What is the difference between static and dynamic compression ratio?
Static compression ratio assumes compression begins the instant the piston leaves the bottom, but in a running engine the intake valve stays open well past bottom dead centre, so part of the charge is pushed back out before the cylinder actually starts to compress. Dynamic compression ratio accounts for that by starting the effective stroke at the point the intake valve closes. It is always lower than the static figure, and a longer-duration camshaft lowers it further. Because the intake-valve-closing angle quoted at 0.050 inch of lift is later than the advertised figure, the two give different dynamic numbers, so use the same basis your cam card uses and treat the result as a guide.
How does the dynamic compression calculation work?
It uses the crank-slider geometry to find how far the piston has come down the bore at the moment the intake valve closes, then treats only the volume above that point as the effective swept volume. With crank radius r = stroke ÷ 2 and rod length l, the piston's distance below top dead centre at crank angle θ is x = (r + l) − [ r·cosθ + √(l² − r²·sin²θ) ]. With the intake valve closing a given number of degrees after bottom dead centre, θ is measured from top dead centre as 180° minus that angle, and the dynamic ratio is (clearance + the swept volume above that piston position) ÷ clearance. A shorter rod, a wider bore or a later valve closing all change the figure.
How do I find the combustion chamber volume?
The combustion chamber volume is normally measured by filling the assembled chamber with a measured liquid using a graduated burette and a clear plate, and reading off the cubic centimetres it takes. The helper in this tool simply accepts that measured fill in cc as the chamber volume, since that burette reading is the chamber volume; there is no reliable way to compute it from outside dimensions because casting shapes vary. If you only have a published chamber figure you can enter it directly, but a measured cc on your actual heads, especially after any milling, gives the trustworthy compression number.
Why don't you list compression ratios for specific engines?

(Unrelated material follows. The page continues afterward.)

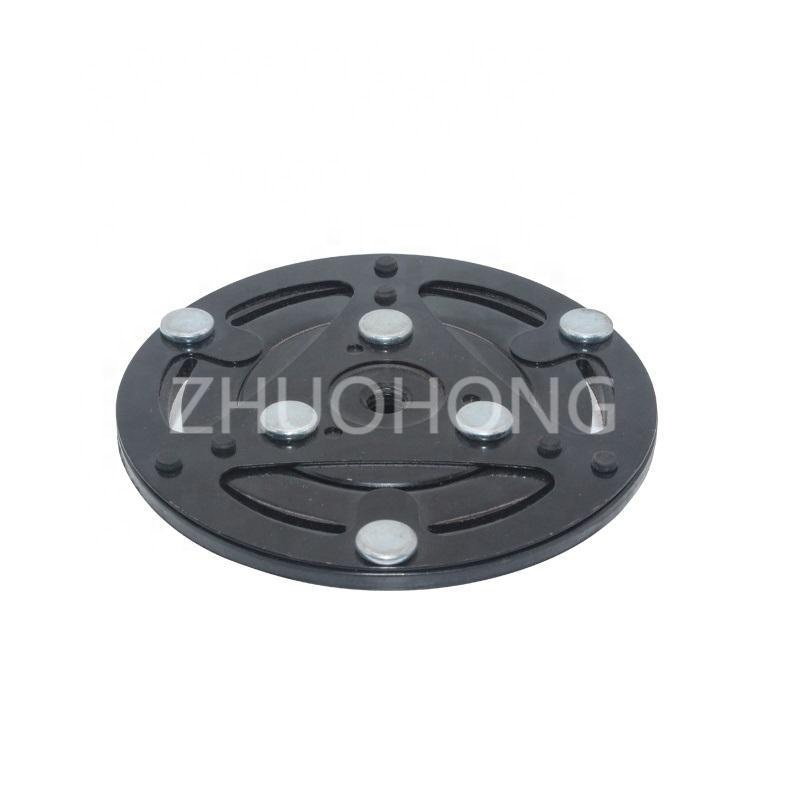 110mm Pulley Diameter 6PK Grooves For Toyota AVANZA 2015-2016 1.3 Auto AC Compressor
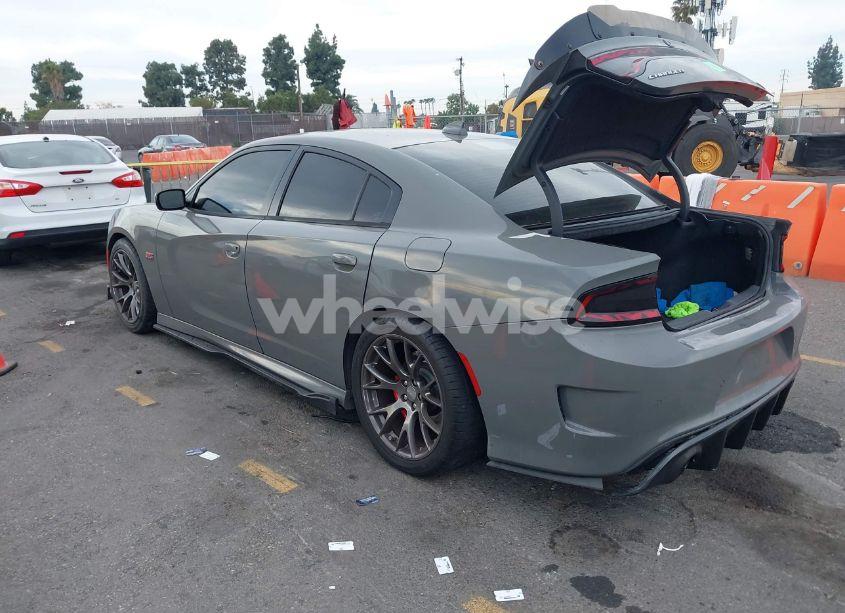 Photo 3 of 2017 Dodge Charger SRT 392 RWD (VIN 2C3CDXEJ8HH515285)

Because a published compression figure belongs to one specific factory combination and stops being true the moment the heads are milled, the pistons are swapped, the deck is decked or a different gasket goes on — all the everyday changes that this calculation exists to track. So the tool ships no engine database and no proprietary tables; it computes the ratio from the chamber cc, gasket, deck and piston volumes you measure on your own build, using public clearance-volume geometry. Measure your own chamber and clearances and the answer reflects your engine rather than a generic chart.